PROMPT:
Every record below needs to be printed again exactly.

AVAILABLE RECORDS:
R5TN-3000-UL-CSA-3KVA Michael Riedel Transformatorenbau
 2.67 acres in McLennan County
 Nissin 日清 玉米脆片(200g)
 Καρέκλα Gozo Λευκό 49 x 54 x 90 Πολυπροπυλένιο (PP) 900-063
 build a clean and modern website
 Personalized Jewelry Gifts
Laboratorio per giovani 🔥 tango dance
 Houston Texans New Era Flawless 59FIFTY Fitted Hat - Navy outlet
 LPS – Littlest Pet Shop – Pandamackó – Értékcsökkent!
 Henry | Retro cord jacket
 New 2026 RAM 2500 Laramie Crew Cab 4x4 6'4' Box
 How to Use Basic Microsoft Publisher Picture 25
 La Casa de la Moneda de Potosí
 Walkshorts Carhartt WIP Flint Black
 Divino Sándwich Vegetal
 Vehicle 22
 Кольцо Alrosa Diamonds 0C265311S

EXERCISE RESPONSE:
R5TN-3000-UL-CSA-3KVA Michael Riedel Transformatorenbau
 2.67 acres in McLennan County
 Nissin 日清 玉米脆片(200g)
 Καρέκλα Gozo Λευκό 49 x 54 x 90 Πολυπροπυλένιο (PP) 900-063
 build a clean and modern website
 Personalized Jewelry Gifts
Laboratorio per giovani 🔥 tango dance
 Houston Texans New Era Flawless 59FIFTY Fitted Hat - Navy outlet
 LPS – Littlest Pet Shop – Pandamackó – Értékcsökkent!
 Henry | Retro cord jacket
 New 2026 RAM 2500 Laramie Crew Cab 4x4 6'4' Box
 How to Use Basic Microsoft Publisher Picture 25
 La Casa de la Moneda de Potosí
 Walkshorts Carhartt WIP Flint Black
 Divino Sándwich Vegetal
 Vehicle 22
 Кольцо Alrosa Diamonds 0C265311S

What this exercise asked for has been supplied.